Extracted entries ->
=== Section Start ===

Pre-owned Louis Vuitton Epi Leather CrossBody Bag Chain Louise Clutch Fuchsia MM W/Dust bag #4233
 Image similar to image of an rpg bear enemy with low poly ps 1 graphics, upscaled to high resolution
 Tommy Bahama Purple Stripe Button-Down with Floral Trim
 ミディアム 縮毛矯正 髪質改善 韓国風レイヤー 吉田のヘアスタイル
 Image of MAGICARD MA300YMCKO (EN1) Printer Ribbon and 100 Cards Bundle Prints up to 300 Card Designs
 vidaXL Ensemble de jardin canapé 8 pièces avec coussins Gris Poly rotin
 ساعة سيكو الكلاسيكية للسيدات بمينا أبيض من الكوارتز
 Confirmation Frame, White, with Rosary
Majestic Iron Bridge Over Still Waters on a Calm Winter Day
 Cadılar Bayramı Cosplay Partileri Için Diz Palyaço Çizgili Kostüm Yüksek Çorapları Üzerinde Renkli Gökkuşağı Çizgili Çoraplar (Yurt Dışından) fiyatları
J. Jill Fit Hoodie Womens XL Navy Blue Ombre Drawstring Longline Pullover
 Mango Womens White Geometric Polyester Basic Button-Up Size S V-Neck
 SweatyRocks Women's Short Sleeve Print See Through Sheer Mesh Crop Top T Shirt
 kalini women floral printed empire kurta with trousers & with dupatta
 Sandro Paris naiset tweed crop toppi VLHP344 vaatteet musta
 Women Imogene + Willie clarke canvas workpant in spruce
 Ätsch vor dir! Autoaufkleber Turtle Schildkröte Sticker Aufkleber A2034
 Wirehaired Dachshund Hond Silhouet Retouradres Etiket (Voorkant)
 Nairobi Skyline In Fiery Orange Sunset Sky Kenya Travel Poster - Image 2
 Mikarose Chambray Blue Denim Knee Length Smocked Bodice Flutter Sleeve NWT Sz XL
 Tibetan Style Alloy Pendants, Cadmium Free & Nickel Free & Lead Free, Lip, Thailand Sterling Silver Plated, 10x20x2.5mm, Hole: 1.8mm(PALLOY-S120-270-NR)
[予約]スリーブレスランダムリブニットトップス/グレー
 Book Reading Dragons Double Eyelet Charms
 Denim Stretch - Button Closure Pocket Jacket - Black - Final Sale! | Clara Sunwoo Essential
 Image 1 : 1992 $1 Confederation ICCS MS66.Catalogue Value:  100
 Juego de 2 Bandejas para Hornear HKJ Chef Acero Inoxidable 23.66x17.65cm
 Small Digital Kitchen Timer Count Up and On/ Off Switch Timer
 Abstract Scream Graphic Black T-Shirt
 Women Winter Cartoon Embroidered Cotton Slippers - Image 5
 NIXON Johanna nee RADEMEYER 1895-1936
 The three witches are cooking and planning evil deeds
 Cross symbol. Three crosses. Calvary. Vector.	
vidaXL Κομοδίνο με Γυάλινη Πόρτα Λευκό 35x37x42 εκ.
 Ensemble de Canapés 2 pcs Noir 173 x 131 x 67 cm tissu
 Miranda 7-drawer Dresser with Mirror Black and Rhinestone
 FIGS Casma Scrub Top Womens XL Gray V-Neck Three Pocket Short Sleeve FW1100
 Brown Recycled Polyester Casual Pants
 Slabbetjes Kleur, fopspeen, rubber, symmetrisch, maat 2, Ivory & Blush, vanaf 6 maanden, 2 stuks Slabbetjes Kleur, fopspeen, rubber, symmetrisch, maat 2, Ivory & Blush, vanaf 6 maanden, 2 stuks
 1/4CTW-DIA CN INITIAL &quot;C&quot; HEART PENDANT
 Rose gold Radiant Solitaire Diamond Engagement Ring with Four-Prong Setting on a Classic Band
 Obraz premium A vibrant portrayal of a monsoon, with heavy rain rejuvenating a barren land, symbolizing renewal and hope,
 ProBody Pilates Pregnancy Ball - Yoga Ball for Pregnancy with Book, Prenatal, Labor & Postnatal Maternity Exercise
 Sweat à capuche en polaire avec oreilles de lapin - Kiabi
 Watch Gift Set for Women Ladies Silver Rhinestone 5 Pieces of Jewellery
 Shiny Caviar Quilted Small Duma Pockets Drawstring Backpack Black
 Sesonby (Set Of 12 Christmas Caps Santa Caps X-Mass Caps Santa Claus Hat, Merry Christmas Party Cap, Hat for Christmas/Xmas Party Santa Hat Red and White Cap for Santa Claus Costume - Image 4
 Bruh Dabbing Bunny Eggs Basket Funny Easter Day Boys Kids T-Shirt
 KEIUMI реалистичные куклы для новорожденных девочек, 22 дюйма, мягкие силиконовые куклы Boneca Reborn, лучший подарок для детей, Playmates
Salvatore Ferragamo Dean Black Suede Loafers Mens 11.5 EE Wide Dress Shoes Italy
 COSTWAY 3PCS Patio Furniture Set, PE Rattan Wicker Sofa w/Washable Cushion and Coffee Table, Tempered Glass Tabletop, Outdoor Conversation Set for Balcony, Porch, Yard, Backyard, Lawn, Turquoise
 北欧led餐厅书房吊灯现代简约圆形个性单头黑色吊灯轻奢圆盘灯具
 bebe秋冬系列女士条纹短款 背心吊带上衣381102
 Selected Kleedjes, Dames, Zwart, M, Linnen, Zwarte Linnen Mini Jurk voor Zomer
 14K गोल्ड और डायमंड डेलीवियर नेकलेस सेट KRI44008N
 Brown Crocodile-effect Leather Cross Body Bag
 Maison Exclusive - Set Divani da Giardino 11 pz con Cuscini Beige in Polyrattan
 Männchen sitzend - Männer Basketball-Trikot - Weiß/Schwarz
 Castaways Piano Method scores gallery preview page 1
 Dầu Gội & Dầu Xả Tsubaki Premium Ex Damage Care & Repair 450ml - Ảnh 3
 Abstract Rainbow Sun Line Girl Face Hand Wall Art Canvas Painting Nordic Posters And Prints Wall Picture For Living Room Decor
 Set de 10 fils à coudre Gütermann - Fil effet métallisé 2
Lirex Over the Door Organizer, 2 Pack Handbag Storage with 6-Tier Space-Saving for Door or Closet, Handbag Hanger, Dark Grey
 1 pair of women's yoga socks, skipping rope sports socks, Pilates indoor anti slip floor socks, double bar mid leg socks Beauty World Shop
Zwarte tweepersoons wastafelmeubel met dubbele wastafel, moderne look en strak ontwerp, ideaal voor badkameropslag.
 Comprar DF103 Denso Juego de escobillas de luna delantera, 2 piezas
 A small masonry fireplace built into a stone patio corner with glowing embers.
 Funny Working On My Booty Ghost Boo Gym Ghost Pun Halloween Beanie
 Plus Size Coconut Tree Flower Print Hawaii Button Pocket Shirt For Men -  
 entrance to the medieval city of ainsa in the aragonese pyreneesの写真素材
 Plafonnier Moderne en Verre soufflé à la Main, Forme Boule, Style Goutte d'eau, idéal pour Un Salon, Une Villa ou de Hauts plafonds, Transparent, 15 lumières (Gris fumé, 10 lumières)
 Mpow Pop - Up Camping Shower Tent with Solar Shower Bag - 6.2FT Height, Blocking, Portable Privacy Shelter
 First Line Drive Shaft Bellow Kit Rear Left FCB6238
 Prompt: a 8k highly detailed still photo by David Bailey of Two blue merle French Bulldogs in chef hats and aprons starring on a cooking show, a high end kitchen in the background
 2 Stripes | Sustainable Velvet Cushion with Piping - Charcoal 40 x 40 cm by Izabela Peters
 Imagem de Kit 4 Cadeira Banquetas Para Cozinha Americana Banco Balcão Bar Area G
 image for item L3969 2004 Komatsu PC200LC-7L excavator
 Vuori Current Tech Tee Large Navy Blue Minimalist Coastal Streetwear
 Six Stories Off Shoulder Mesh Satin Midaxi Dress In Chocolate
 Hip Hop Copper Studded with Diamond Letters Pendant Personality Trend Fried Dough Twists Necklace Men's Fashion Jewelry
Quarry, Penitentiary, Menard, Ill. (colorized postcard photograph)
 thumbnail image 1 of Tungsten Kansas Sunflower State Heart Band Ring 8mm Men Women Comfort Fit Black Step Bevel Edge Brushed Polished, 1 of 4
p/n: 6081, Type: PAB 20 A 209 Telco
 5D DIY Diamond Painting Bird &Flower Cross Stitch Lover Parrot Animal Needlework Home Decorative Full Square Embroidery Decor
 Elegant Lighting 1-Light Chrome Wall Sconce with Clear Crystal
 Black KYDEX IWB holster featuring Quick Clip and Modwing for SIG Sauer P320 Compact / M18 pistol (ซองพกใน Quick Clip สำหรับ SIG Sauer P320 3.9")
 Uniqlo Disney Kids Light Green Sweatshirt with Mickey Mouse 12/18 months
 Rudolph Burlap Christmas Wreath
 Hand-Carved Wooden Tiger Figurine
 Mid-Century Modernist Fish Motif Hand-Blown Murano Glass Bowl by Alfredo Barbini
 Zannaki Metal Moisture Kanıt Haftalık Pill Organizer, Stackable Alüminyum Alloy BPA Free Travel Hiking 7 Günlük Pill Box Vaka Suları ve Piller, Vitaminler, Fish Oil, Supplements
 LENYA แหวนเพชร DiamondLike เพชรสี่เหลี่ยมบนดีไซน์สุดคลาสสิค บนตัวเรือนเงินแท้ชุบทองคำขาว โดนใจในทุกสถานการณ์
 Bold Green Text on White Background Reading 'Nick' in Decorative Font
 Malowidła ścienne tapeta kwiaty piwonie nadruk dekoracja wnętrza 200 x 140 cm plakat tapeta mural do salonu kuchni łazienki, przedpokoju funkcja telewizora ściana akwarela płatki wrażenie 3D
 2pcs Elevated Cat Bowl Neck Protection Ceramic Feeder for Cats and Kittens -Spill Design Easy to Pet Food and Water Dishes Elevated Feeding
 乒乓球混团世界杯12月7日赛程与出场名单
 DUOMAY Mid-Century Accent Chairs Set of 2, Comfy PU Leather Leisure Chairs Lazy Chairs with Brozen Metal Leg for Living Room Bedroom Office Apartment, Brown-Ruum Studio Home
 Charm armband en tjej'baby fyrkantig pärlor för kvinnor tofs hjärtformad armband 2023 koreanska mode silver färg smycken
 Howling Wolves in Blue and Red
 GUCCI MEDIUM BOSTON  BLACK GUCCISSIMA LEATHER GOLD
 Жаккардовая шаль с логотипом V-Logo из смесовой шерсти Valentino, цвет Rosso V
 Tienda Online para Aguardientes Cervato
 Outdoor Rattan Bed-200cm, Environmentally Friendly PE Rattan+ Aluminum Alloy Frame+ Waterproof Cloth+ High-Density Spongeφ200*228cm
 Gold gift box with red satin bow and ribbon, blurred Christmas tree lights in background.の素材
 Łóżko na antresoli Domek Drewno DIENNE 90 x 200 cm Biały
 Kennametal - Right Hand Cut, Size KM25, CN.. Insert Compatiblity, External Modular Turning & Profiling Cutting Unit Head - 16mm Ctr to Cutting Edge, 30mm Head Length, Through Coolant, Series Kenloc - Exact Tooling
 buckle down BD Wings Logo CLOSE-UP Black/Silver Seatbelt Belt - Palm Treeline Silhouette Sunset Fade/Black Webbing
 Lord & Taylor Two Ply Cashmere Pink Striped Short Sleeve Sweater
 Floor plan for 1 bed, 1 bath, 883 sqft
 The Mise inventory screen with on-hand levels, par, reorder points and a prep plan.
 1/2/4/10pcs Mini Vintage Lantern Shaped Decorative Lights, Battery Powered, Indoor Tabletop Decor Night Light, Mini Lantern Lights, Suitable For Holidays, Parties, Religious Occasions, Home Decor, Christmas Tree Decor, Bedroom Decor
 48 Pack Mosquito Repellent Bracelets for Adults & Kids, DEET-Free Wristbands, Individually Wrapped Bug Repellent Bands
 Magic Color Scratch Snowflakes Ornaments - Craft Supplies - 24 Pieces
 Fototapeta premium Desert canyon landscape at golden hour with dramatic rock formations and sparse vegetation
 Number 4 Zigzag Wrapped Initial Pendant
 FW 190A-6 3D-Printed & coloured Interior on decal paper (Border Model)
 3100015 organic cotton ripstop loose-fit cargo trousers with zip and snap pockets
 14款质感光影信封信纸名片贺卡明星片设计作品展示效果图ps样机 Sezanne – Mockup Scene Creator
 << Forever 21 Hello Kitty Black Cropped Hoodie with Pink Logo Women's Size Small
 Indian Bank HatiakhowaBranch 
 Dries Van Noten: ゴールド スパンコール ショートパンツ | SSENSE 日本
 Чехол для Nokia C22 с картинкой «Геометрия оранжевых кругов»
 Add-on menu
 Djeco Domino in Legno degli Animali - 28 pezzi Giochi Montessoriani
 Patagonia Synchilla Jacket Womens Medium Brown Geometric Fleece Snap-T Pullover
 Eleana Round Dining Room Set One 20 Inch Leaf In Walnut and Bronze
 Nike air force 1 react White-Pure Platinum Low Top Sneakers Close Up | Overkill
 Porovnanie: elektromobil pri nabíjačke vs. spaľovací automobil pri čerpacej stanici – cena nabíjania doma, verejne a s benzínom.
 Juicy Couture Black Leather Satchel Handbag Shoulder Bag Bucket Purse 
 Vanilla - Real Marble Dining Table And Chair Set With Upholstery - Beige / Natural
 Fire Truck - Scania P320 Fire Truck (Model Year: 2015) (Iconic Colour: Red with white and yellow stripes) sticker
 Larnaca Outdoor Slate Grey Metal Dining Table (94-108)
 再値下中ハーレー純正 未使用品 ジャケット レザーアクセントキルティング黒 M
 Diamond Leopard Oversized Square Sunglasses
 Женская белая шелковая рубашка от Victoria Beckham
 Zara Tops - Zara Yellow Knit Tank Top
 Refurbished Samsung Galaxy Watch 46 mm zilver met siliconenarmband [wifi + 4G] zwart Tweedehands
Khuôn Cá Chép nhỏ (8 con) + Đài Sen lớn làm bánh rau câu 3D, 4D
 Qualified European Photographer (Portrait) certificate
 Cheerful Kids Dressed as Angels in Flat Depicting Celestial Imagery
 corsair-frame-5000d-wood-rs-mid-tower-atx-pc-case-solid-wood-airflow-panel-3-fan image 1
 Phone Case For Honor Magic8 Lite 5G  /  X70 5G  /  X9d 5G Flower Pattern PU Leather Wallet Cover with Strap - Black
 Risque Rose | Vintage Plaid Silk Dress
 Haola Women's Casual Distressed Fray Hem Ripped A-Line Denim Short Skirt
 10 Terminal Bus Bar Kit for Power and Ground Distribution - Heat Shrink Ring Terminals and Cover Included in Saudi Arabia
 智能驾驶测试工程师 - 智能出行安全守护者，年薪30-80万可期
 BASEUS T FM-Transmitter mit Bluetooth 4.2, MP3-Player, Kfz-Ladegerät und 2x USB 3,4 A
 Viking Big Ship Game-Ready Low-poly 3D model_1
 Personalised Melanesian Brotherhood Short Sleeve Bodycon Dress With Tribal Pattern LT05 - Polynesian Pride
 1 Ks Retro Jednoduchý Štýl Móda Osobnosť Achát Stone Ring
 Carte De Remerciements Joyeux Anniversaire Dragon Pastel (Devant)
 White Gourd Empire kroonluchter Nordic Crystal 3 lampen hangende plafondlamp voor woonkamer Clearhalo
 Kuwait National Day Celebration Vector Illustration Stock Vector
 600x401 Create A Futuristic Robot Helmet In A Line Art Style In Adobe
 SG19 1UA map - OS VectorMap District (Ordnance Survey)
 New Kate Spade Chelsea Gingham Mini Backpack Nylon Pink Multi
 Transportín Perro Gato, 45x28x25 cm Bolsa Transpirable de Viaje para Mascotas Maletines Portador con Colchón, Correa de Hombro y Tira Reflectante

=== Section End ===

Your assignment -> Using the entries above, repeat only the lines from the one containing "Hip Hop Copper" through the one containing "Mid-Century Modernist Fish", end lines included.

Answer to the exercise ->
 Hip Hop Copper Studded with Diamond Letters Pendant Personality Trend Fried Dough Twists Necklace Men's Fashion Jewelry
Quarry, Penitentiary, Menard, Ill. (colorized postcard photograph)
 thumbnail image 1 of Tungsten Kansas Sunflower State Heart Band Ring 8mm Men Women Comfort Fit Black Step Bevel Edge Brushed Polished, 1 of 4
p/n: 6081, Type: PAB 20 A 209 Telco
 5D DIY Diamond Painting Bird &Flower Cross Stitch Lover Parrot Animal Needlework Home Decorative Full Square Embroidery Decor
 Elegant Lighting 1-Light Chrome Wall Sconce with Clear Crystal
 Black KYDEX IWB holster featuring Quick Clip and Modwing for SIG Sauer P320 Compact / M18 pistol (ซองพกใน Quick Clip สำหรับ SIG Sauer P320 3.9")
 Uniqlo Disney Kids Light Green Sweatshirt with Mickey Mouse 12/18 months
 Rudolph Burlap Christmas Wreath
 Hand-Carved Wooden Tiger Figurine
 Mid-Century Modernist Fish Motif Hand-Blown Murano Glass Bowl by Alfredo Barbini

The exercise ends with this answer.